The Department of Environment and Natural Resources (DENR) has reported that, due to the Metro Manila and subsequently Luzon-wide lockdown, the air quality in the National Capital Region (NCR) has significantly improved. Various air quality monitoring stations in Metro Manila registered pollution at their lowest levels.

The Air Quality Information System of the DENR-Environment Management Bureau (EMB) showed a significant drop in the concentration of Particulate Matter (PM) in Metro Manila’s air quality, based on the results gathered from air monitoring stations in the cities of Las Pinas, Marikina, Muntinlupa, and Paranaque.

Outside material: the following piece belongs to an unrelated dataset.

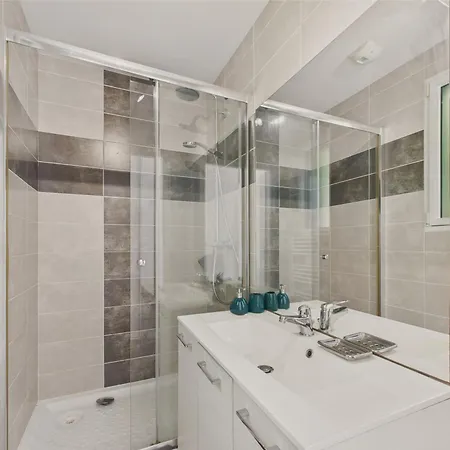 בית נופש Piscine Chauffee - 750m - 4 Adultes - 4 Enfants *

On March 22, 2020, the 24-hour average level for PM10 in Las Piñas and Marikina went down to 31.67 and 27.21 micrograms per normal cubic meter (ug/Ncm) from a high of 57.81 and 31.28 ug/Ncm, respectively, on March 9, 2020. The acceptable threshold standard level of PM 10 is 60 ug/Ncm.

In Muntinlupa and Paranaque, PM 2.5 levels on March 22, 2020, were recorded at 10.78 and 14.29 ug/Ncm, respectively — much lower when they were recorded at 28.75 and 27.23 ug/Ncm, respectively, on March 10, 2020. Based on DENR Administrative Order No. 2013-13, the acceptable limit for PM 2.5 is 50 ug/Ncm for the short term 24-hour average level, and 35 µg/Ncm for the long term one-year average level.

“We can see the drastic drop in numbers of PM 2.5 in Muntinlupa and Paranaque, and the drop in numbers of PM 10 in Las Pinas and Marikina. This explains why our sky now is clear and looks clean,” said DENR Undersecretary, Benny Antiporda.

 “The sudden stop of activities in many countries allows the earth to heal from environmental degradation," said DENR Secretary, Roy A. Cimatu, on the bright side of the COVID-19 crisis. "The major cause of climate change — air pollution, due mainly to mass transport energy emissions, is being abated. In the same way, there is less trash in public places because people are in strict home quarantine and restaurants are closed.”

The number 2.5 in PM 2.5 refers to the diameter in micrometers or micron of the fine mixture of minute solid particles and liquid droplets present in the atmosphere. When inhaled, these can affect the heart and lungs. PM 2.5 particles come from emissions of motor vehicles, fossil fuel power plants, and wood burnings, among others. PM 10 are typically from emissions of crushing and grinding machines and dust from cemented and dirt roads.

Do you think that the temporary suspension of smoke-belching PUVs is largely responsible for the cleaner Metro Manila air we now have?